So, imagine yourself with a pretty state of the art (but small) solar power setup- 4000 watt pure sine inverter running off a 24v battery bank supported by 1500 watts of solar panels. That’s what I have. I thus have available 24v DC, 120 and 240v AC(single phase) with a maximum power surge of 5850 watts. Inrush surges on a 2hp motor can hit 9000 watts, but most of the machines in this semi professional wood+ blacksmith shop want 1.5 hp at least. Efficiency is paramount- every watt counts.
If it were you would you:
A: Go DC direct somehow, using 24v DC? Maybe a buck boost transformer?
B: Stick with VFD’s to eliminate inrush surges on 1.5-2hp machines? If so, for max efficiency, should the motors be 240v or 3ph with a 240v input?

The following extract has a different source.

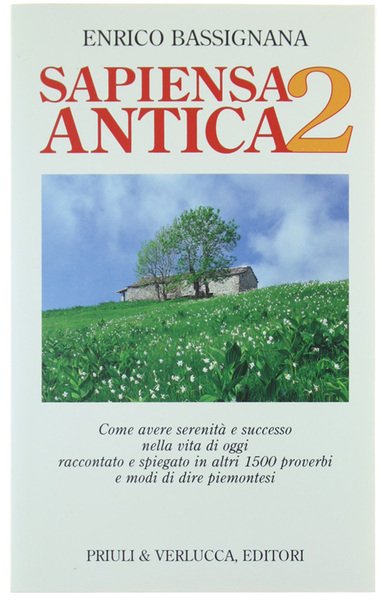 SAPIENSA ANTICA 2. Come avere serenità e successo nella vita …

C: Spend $180,000 to get grid power (HAHA…)
D: Do something else altogether?
My fav'rite trick - tough places to git at for service - is to use oversized gen heads for a Diesel's rated motor power, or oversized inverters for a battr'y plant. Less likely to BBQ them.
Dog sled, float plane or parachute drop from a dirigible, your cheap option is to double the inverter rating. The better ones are already designed for syncing to be paralleled-up. Bit of luck, you add-on rather than replace?
Now you also have fall-back redundancy / easier scheduled maintenance, wotever woven right into the deal.
Then add a couple of dual-duty "starter" rated marine/rv batteries to the otherwise slow discharge but DEEPER discharge battery plant. Or so we might presume you'd be using? Same again, add-on, not replace.
May have to juggle charger control, but you get your
starting surge covered, and once again more depth if something goes pear-shaped in between dirigible, dog sled, or icebreaker runs.
Bit of a nuisance adding VFD's for motors that small? Most especially if they are single-phase, would need swapped-out for 3-Phase. Got 3-Phase, yah could do inverter-foo once instead of VFD-foo, many.
Inexpensive VFD don't have the best longevity, either. Inverters are the better bet for durability.
With stouter inverters in place, you can also add-on to the collector array and battery plant as budget permits.
Batteries are wotever they are.
Planning to skip Edisons and go from ignorant lead-acid to "saltwater" tech, but I don't have temps as cold as as to freeze my alaskaoff.
Can't see the point in going after low mass in a fixed-plant battery. Lit-me-ums are for mobility needful goods.
Old Lady Earth is strong enough to hold up a glacier or a forest - even a mountain or three, after all. I could hope to set a saltwater battery plant into a hole in the back garden much as one would have done with a septic tank I do NOT need?
NB: I don't have to dog-sled in diesel. I'm ON good mains.
Even so. Those "in the know" say that for STABLE machine-tool operation at a 10 KW load? My 10 KVA Diesel should be as much as a 100 KVA.
Sanity check sez 2:1 minimum, four or five to one, practical, and just not EXPECT really high-grade stability.
Similar deal, your plant.
As presently spec'ed for 4 KW, your tool operation "quality" can be expected to start tailing off at ONE KW and degrade progressively.
Numbers?
Numbers are a snapshot.
Life is the FULL MOTION video. Old third-world Telco and laterite and canvas tent field MIL-SPEC gut sez you got about HALF the power you are actually going to need.
Right about what I'd call as Goldilocks size just for running my fridge-freezers, "with out fail", IOW.
PS: Me late Dad had a significant hand, ALCAN highway, 1942. Seems to me he said Alaska has these long spells it don't git dark atall. And then another spell where it don't get LIGHT? Old workmate, ACS / ALASCOM vet, SIG-C Master Sgt. "Tanana Charlie" Wilson confirmed it. Gets dark. Stays dark for a spell.
Solar? Year-round?
B'lieve I'd want fired steam run off a Methane "digester". Mosquito-biomass fueled part year, wood waste the other.
Mosquitos still run about the length of a Hudson's Bay double-bitted axe handle up there? Between the eyes?
'Bout the same power as a Vespa motor scooter, but too much like work to get 'em onto a treadmill to work as pairs.